Flight plan - KA-20240831a

Contents

Flight plan - KA-20240831a#

ec_under ec_track in_cloud insitu_aerosol

Crew#

The flight is planned to take off at 2024-08-31 14:00:00+00:00.

Job

Name

PI

Robert Oscar David

Instrument operator

Sorin Ghemulet

Instrument operator

Marius Corbu

Flight plan#

Leg 1: RAI -> ka_south (arrive @FL065 at 14:45 UTC | 13:45 LT) - Note: Holding pattern until 15:07 UTC

Leg 2: ka_south -> ec2 (cloud top, ~FL065-FL030), 180 kt - Note: Communication with ATR (F-HMTO) via 123.45 MHz to coordinate start of common leg and cloud information

Leg 3 (Start 15:25 UTC): ec2 -> ec1 (via mp1) - porpoising between cloud base and cloud top - 180 kt - Note: Be at mp1 at 15:37 UTC | 14:37 LT for satellite overpass

Leg 4: ec1 -> ka_north (to de-conflict with F-HMTO)

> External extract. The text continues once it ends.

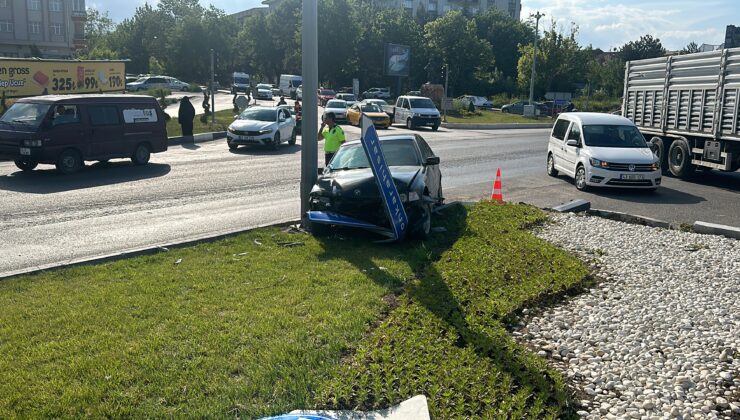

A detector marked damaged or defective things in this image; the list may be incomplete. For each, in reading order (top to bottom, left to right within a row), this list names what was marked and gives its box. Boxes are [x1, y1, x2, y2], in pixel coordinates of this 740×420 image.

crashed black car [308, 135, 442, 238]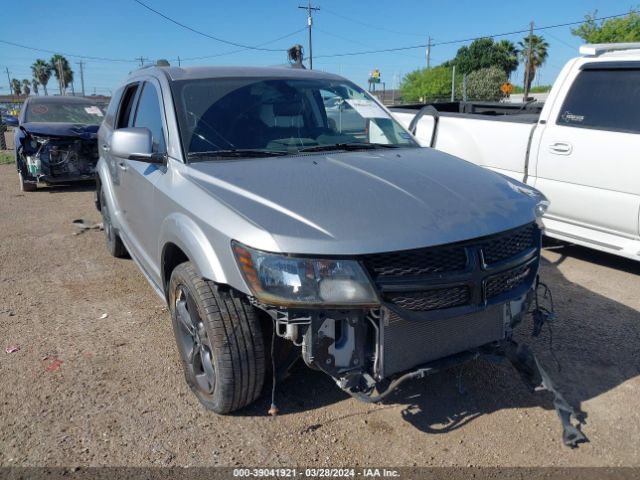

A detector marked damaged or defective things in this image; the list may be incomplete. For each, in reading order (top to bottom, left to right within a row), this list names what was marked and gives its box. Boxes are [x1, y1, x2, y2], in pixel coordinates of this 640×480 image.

damaged front end [17, 124, 99, 186]
damaged front end [236, 223, 584, 448]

Leg 5: ka_north -> ec1_west (coordinate with F-HMTO when arrival at ec1_west)

Leg 6: ec1_west -> ec2_west (via mp1_west) - estimated FL055 (1000 ft below F-HMTO to de-conflict)

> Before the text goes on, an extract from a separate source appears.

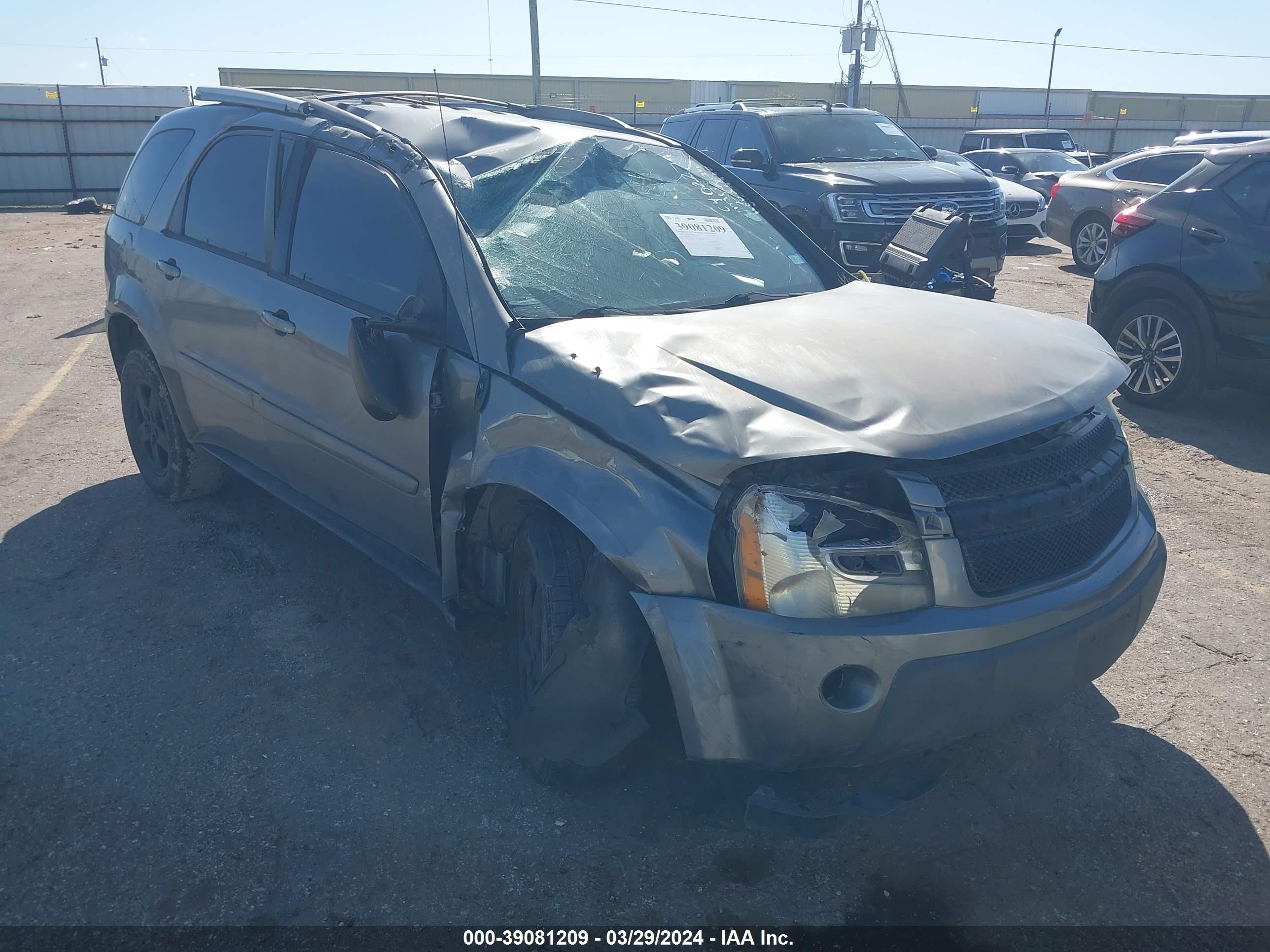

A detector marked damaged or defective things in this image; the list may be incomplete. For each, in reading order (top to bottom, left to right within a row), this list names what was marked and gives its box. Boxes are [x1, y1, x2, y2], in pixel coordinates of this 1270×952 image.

shattered windshield [447, 135, 823, 321]
damaged silver suv [104, 85, 1163, 777]
crushed hood [510, 278, 1128, 485]
broken headlight lens [737, 487, 934, 622]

Leg 7: ec2_west -> ka_south (to de-conflict with F-HMTO)

Leg 8: ka_south -> ec2_east (coordinate with F-HMTO when arrival at ec2_east)

Leg 9: ec2_east -> ec1_east (via mp1_east) - estimated FL055 (1000 ft above F-HMTO to de-conflict)

Leg 10: ec1_east -> RAI (de-conflict with F-HMTO for corridor out)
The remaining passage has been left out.